Balog admitted that even though Gulp! is now produced in more life-like shapes, it’s not as effective as it once was, at least for smallmouths. “Part of that may be due to increased fishing pressure and the fact that the bass are seeing, and smelling, that bait more often. Maybe it’s because it’s not the only game in town when it comes to scent-enhance baits anymore, too.”

Balog said that through his research he’s found that garlic scent is a positive aroma when it comes to smallmouths. “I’ve found that baits with a garlic scent just seem to out-produce unscented baits when it comes to smallmouths.” And not just a little garlic either. “I’ve been fishing with a partner and when I pulled a bait out of the bag at the back of the boat they could smell it at the front of the boat. Now if a human can smell it 10 or 15 feet away just imagine how strong that scent must be in the water.” Balog theorized, “Great Lakes smallmouths are a totally different animal than largemouths when it comes to scent.”

Balog related an incident when he was fishing a piece of structure late in the season that was loaded with bass. He was catching one chunky smallie after another and decided to experiment. He put an unscented bait on that was the exact size, color and shape as the one he’d been using, except it lacked the garlic scent. After a dozen casts without a strike he replaced the bait with the scented one he’d been using. He caught a four-pound smallie on the first cast.

Balog said that he found commercial garlic scents that worked, but went on a quest to come up with his own concoctions. He super saturates his soft plastics with the scents and keeps them in zip-loc bags separate from other baits and even reserves specially fermented stocks for tournaments. Balog admitted that scent is a positive trigger close to 90% of the time and if nothing else gives him a psychological edge.

Scents might not only be an attractant when it comes to smallmouths, but also be a cover scent. Soft plastic baits smell like, well, plastic when they come out of the mold and scents reduce that unnatural smell. Scents also mask human smells or pheromones that may be alarming to bass. In other words, to a bass you stink! “The idea is to keep unwanted scent off your hands,” said Balog. “I wash my hands with unscented products every time I fish. Most of the research that has been done with regards to bass has been done with largemouths. How much scent influences smallmouths is largely conjecture, but I’ve seen more than my share of coincidences. I think it’s a huge factor when it comes to smallmouths.”

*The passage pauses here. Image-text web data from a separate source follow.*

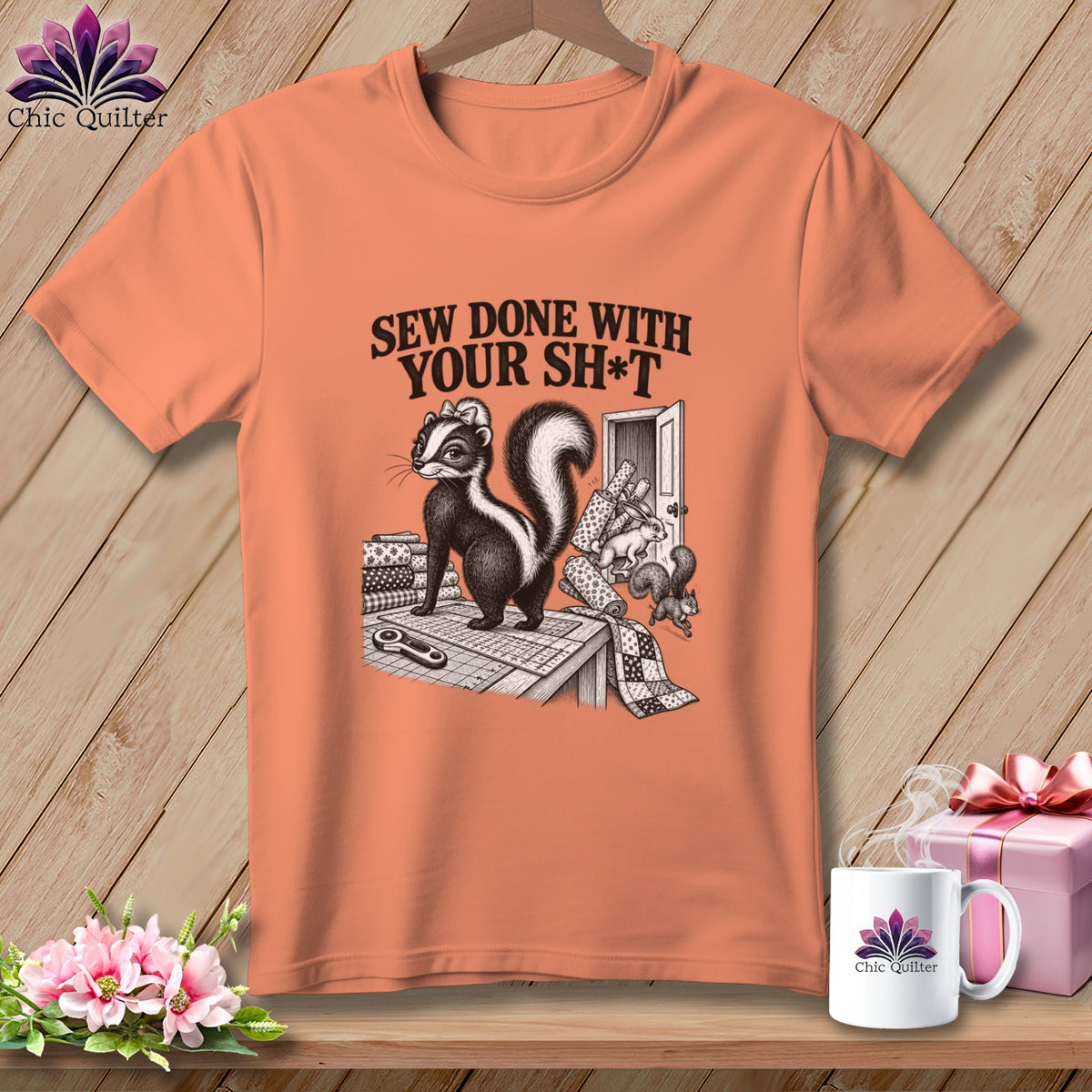 Skunk with sewing supplies and text "Sew Done With Your Sh*t".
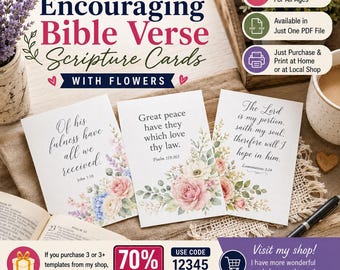 May include: A set of printable cards featuring floral illustrations and Bible verses. The text reads 75+ Printable Encouraging Bible Verse Scripture Cards With Flowers, including specific verses like John 1:16, Psalm 119:165, and Lamentations 3:24.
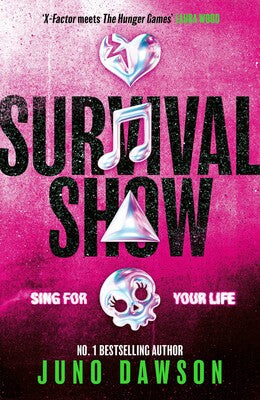 *SIGNED* Survival Show by Juno Dawson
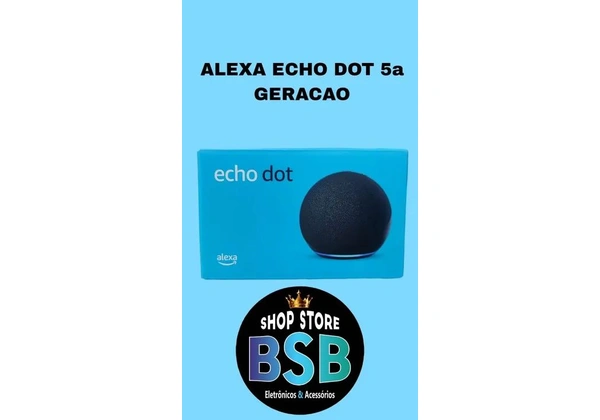 Alexa echo dot 5 lacradas ATACAREJO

Garlic isn’t the only scent bass have shown an affinity to. Scents and scent-enhanced baits are available in coffee, salt-impregnated, shad, crayfish, anise and others. It only makes sense if you’re fishing a crawfish imitation that adding a crayfish scent will add to the productivity of the bait.

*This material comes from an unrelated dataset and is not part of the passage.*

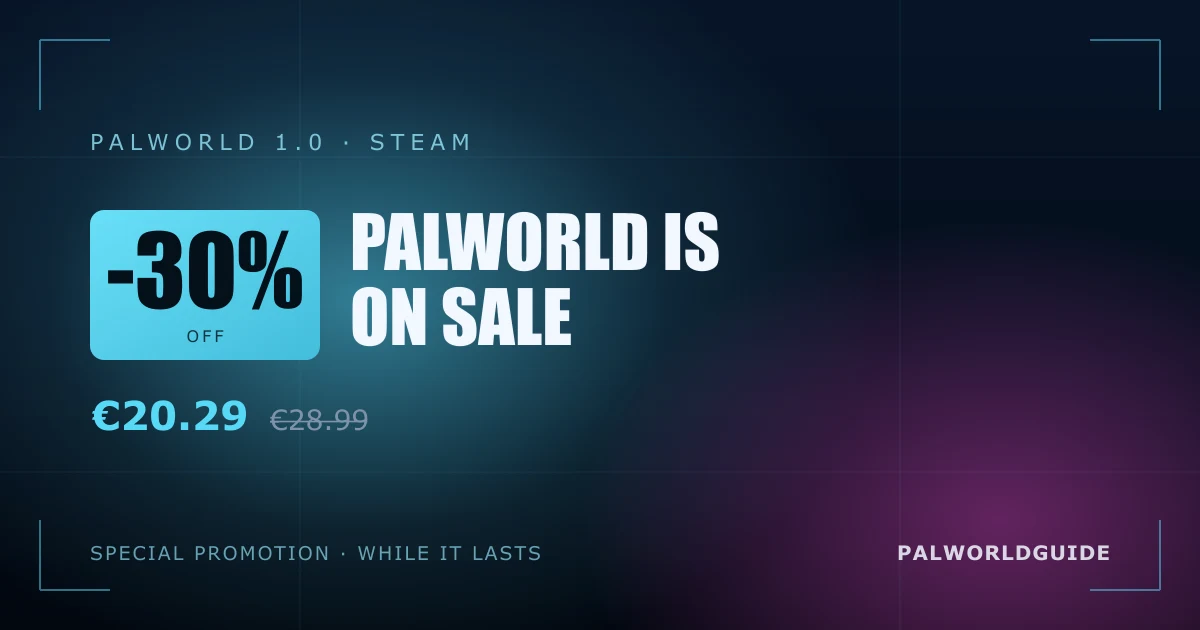 Palworld is 30% off on Steam right now — and it's about to blow up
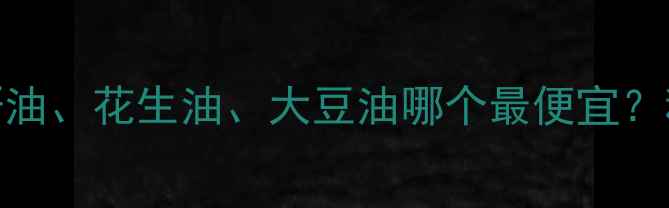 图片 植物油价格走势分析：菜籽油、花生油、大豆油哪个最便宜？种植户如何应对市场波动？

There’s some question about whether scent makes a difference on hard baits that are retrieved at a fast pace. Most agree bass strike a speeding, vibrating crankbait because of what they see and feel. There isn’t time to smell the bait. Smallies may home in on the scent trail left by the bait though if you’ve applied a scent product to the lure and enhanced the illusion.

I’ve experienced times when scent added to hard baits made all the difference in the world. When guiding for winter steelhead I’d add Dr. Juice to crankbaits by liquefying Vaseline in boiling water, filling a film container half full of the Vaseline and the rest with Dr. Juice and then stirred the mixture up. I’d apply the paste to the backs of my crankbaits. I observed many times, especially in super cold water, when the scents made a huge difference between catching fish and going home skunked. Why not stack the odds in your favor?